### What is required
Only what runs from the line with "Sac seau en" to the end of the data should appear in the answer, exactly as written and without pictures.

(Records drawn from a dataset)
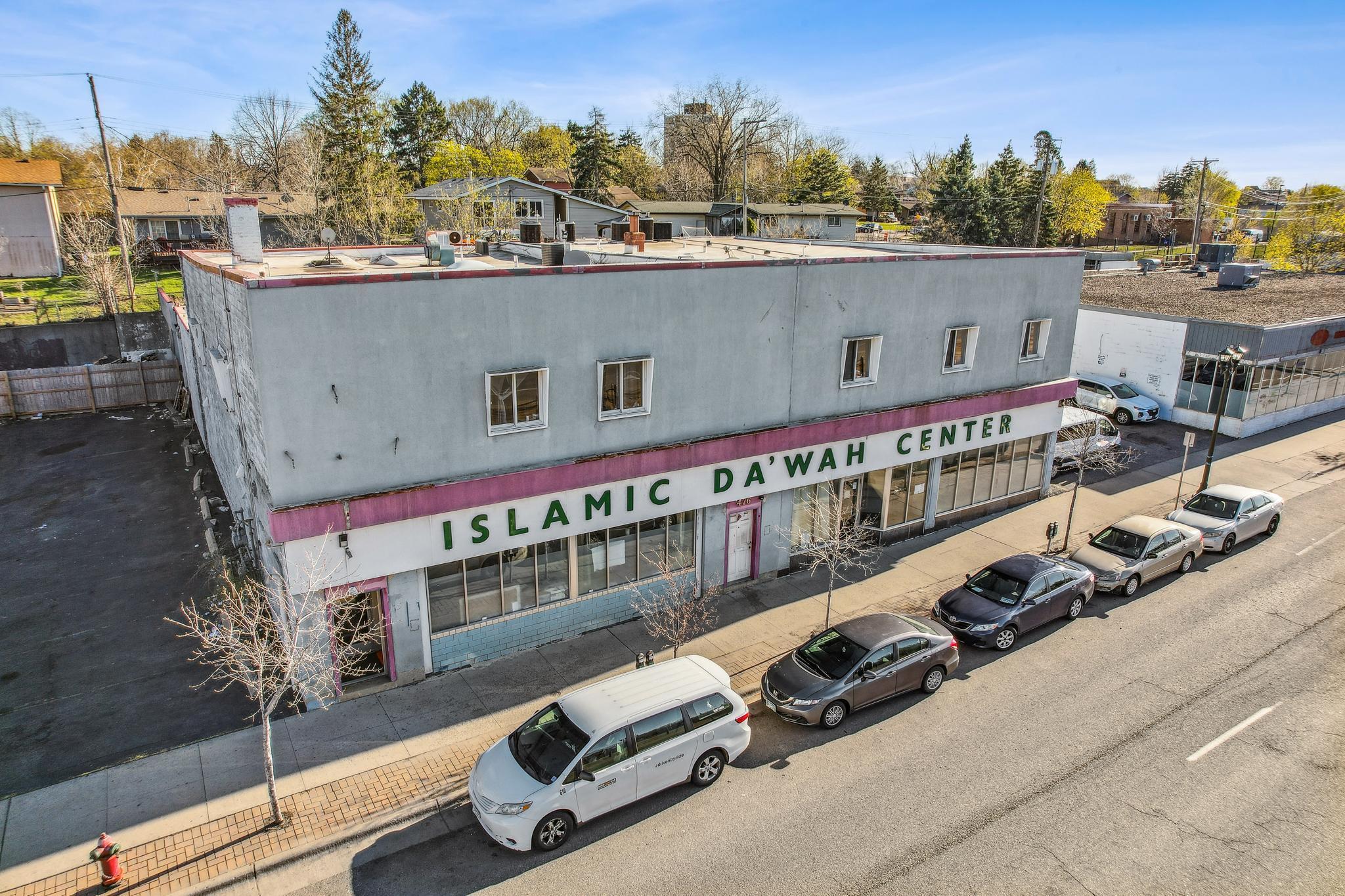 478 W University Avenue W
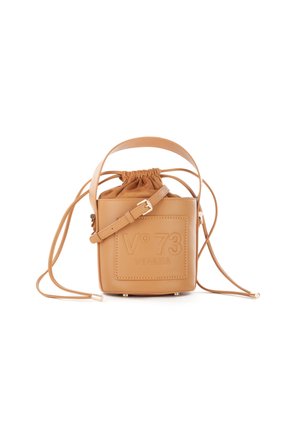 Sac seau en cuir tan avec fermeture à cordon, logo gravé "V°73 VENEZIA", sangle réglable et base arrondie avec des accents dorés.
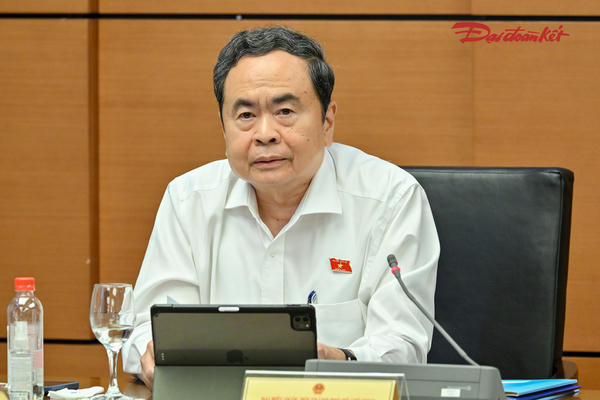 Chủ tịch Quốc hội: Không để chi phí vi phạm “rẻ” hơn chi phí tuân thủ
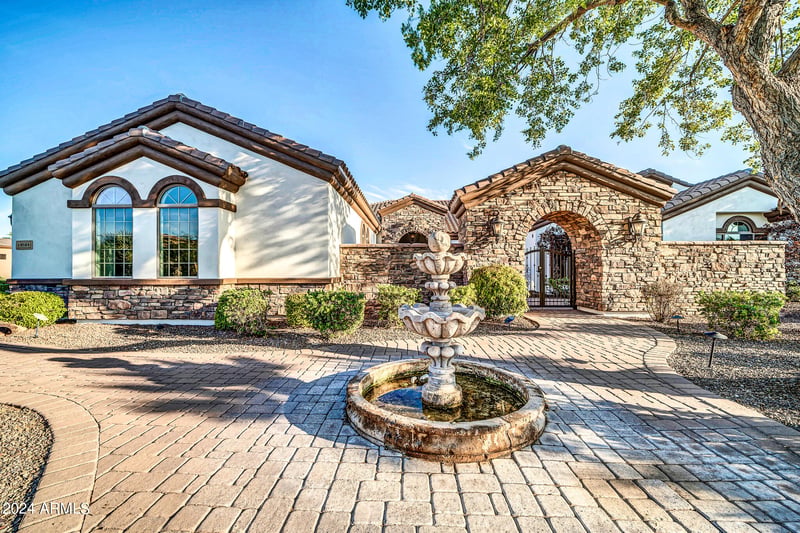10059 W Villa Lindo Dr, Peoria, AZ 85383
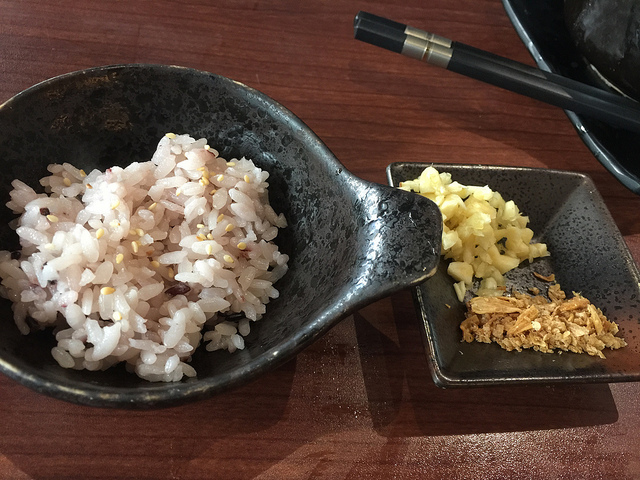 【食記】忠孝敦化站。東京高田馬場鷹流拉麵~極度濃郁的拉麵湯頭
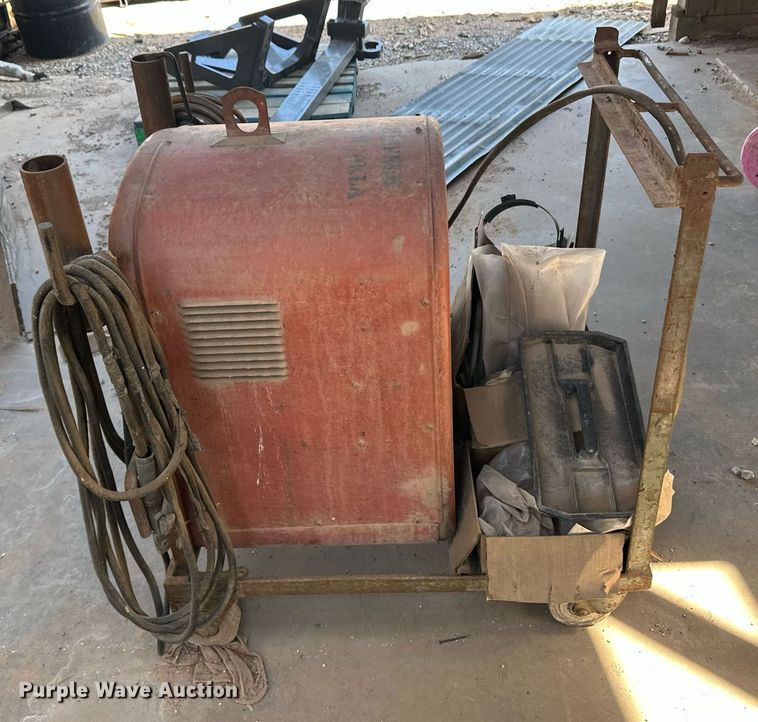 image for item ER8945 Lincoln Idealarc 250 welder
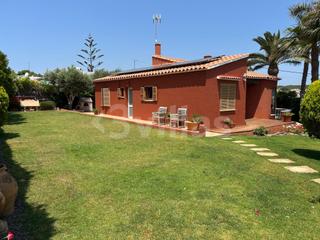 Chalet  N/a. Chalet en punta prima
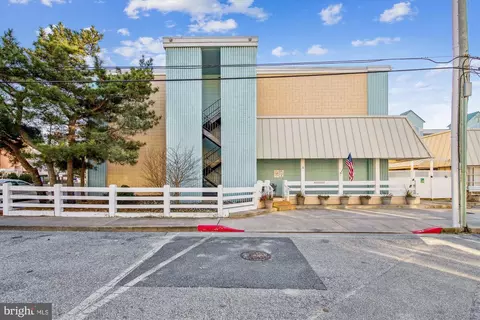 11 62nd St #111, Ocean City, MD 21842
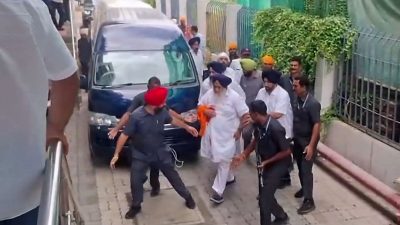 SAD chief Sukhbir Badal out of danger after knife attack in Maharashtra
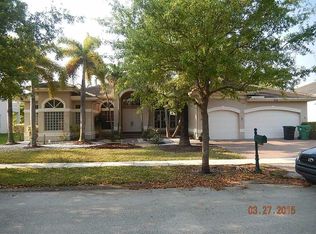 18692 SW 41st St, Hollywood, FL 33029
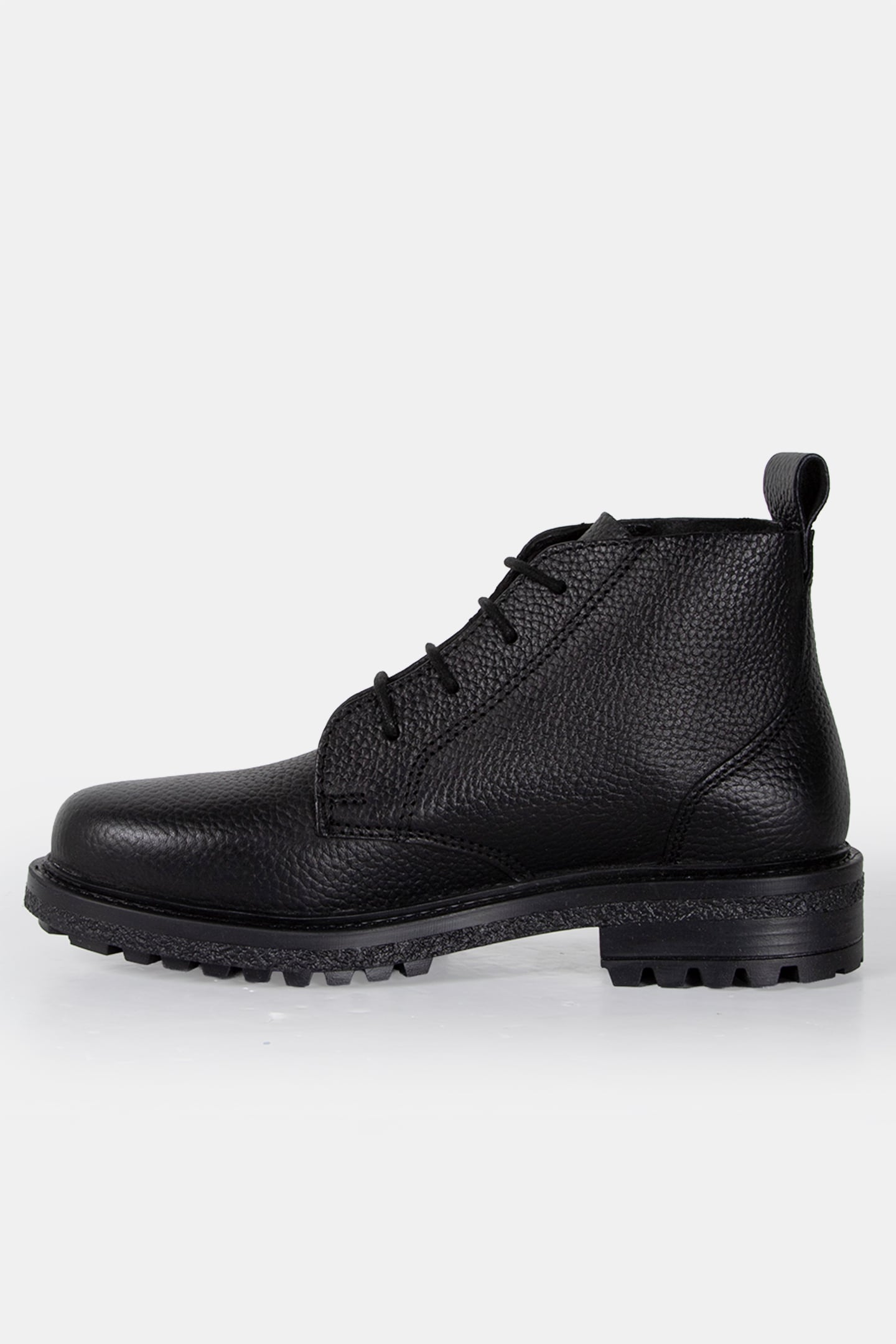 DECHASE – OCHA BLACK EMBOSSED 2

### Output for this exercise
 Sac seau en cuir tan avec fermeture à cordon, logo gravé "V°73 VENEZIA", sangle réglable et base arrondie avec des accents dorés.
 Chủ tịch Quốc hội: Không để chi phí vi phạm “rẻ” hơn chi phí tuân thủ
10059 W Villa Lindo Dr, Peoria, AZ 85383
 【食記】忠孝敦化站。東京高田馬場鷹流拉麵~極度濃郁的拉麵湯頭
 image for item ER8945 Lincoln Idealarc 250 welder
 Chalet  N/a. Chalet en punta prima
 11 62nd St #111, Ocean City, MD 21842
 SAD chief Sukhbir Badal out of danger after knife attack in Maharashtra
 18692 SW 41st St, Hollywood, FL 33029
 DECHASE – OCHA BLACK EMBOSSED 2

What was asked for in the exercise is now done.